824 The Wind begun to rock the Grass

by Emily Dickinson

SUNDAY 8/24

Today's Reading: "The Wind Begun to Rock the Grass" by Emily Dickinson.

The 15th annual La Fiesta de San Augustin, in honor of St. Augustine, begins today in Tucson, Arizona.

Novelist Oscar Hijeulos (THE MAMBO KINGS PLAY SONGS OF LOVE), was born in New York City in 1951.

Science fiction writer and artist Alice H.B. Sheldon, who also worked in photo-intelligence at the CIA, taught at American University, and was a major in the U.S. Army Air Force, was born in Chicago in 1915.

Blues singer Arthur "Big Boy" Crudup, a major influence on Elvis Presley, was born in Forrest, Mississippi, in 1905.

Argentine writer Jorge Luis Borges, known for his celebrated collection of short stories FICCIONES, was born in Buenos Aires in 1899.

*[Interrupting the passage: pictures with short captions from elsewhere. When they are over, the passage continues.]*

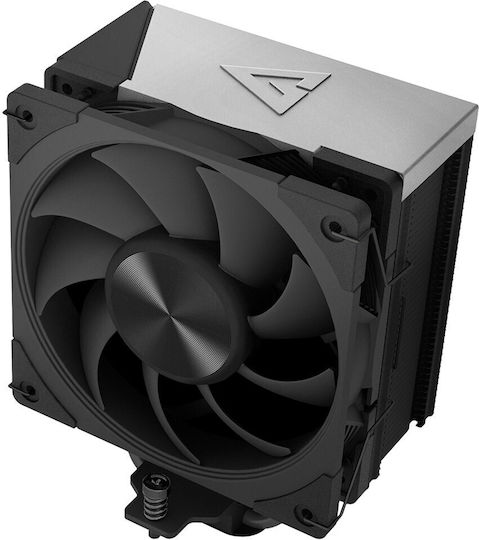 Modecom Volcano 0C T700 Ψύκτρα Επεξεργαστή για Socket AM4/AM5/1200/1700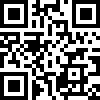 https://isna.ir/xdHP5C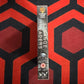 Strange Invaders VHS Video (1983) WTB39270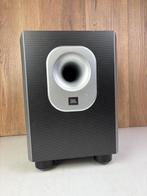 JBL - SUB 200/230 - Subwoofer Subwoofer luidsprekerset, Nieuw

Literary critic and social historian Malcolm Cowley, who chronicled the Lost Generation of writers of the '20s and '30s, including Hemingway, Faulkner, Fitzgerald, was born in Belsano, Pennsylvania, in 1898.

Writer Jean Rhys (WILD SARGASSO SEA), was born in Dominica, British West Indies, in 1890.

In 1847 Charlotte Bronte, using the pseudonym of Currer Bell, sent the manuscript of JANE EYRE to her publisher in London.

President James Madison and other officials fled Washington, D.C., in 1814 when British troops invaded and burned the Capitol, the president's house and most of the public buildings.

Mount Vesuvius erupted in 79 A.D., destroying the cities of Pompeii, Stabiae, Herculaneum and other, smaller settlements.